<<<<

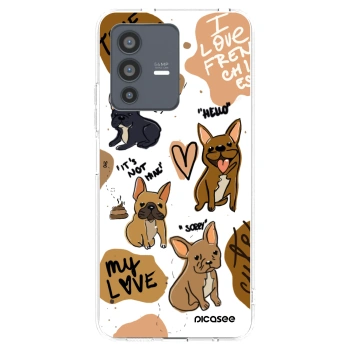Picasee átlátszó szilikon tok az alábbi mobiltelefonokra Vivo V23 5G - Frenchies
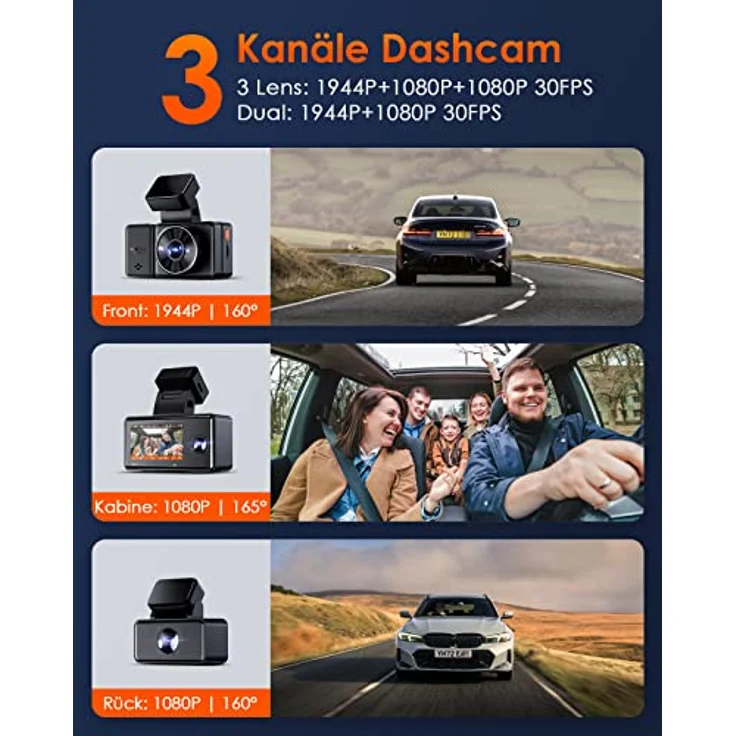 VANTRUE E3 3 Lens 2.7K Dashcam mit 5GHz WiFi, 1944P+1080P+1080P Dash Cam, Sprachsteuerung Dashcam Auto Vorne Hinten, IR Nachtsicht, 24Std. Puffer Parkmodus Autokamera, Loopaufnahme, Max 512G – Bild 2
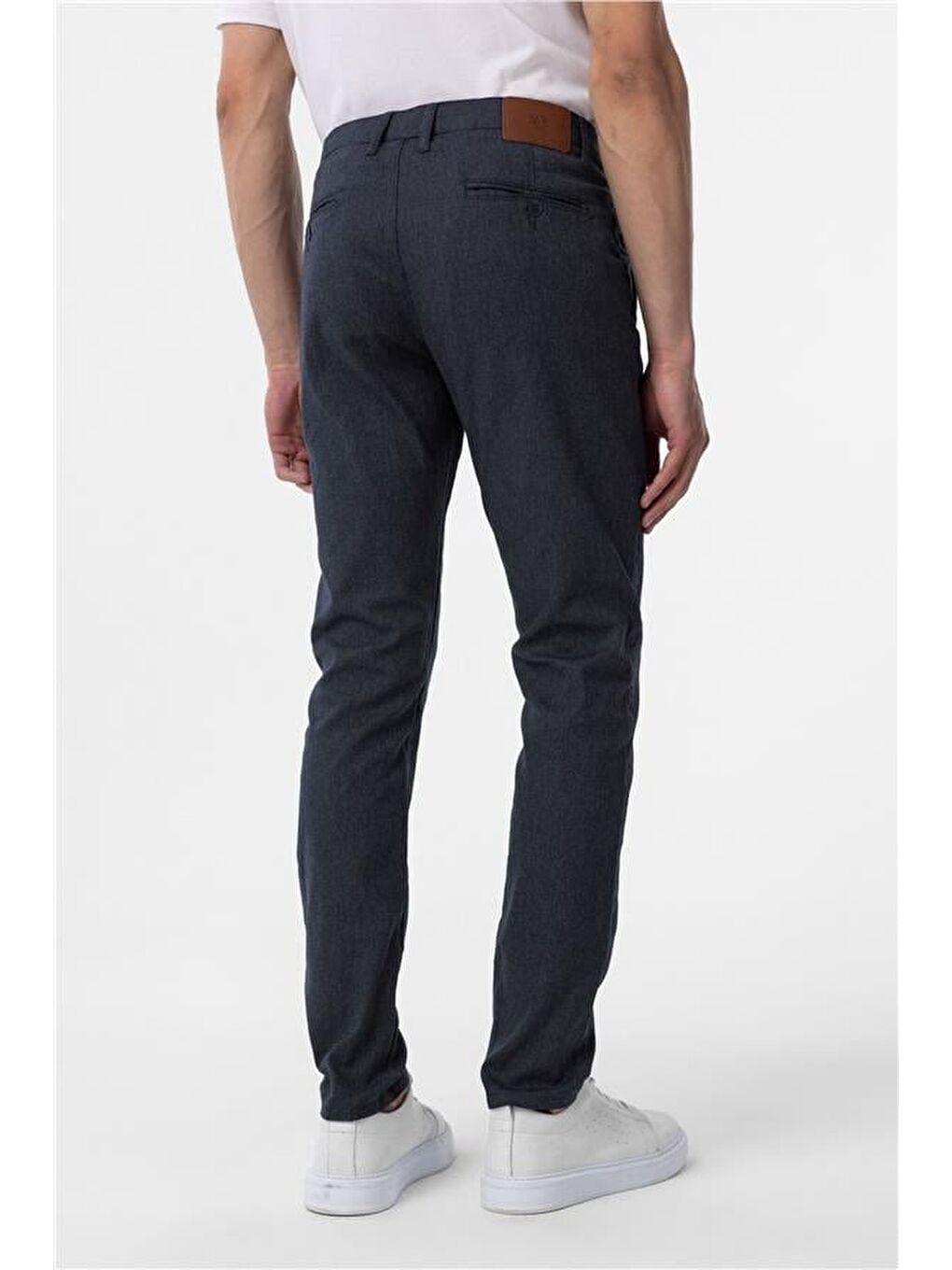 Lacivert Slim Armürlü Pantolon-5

>>>>

A faithful copy of all the data above, without its pictures, is the expected result.

Picasee átlátszó szilikon tok az alábbi mobiltelefonokra Vivo V23 5G - Frenchies
 VANTRUE E3 3 Lens 2.7K Dashcam mit 5GHz WiFi, 1944P+1080P+1080P Dash Cam, Sprachsteuerung Dashcam Auto Vorne Hinten, IR Nachtsicht, 24Std. Puffer Parkmodus Autokamera, Loopaufnahme, Max 512G – Bild 2
 Lacivert Slim Armürlü Pantolon-5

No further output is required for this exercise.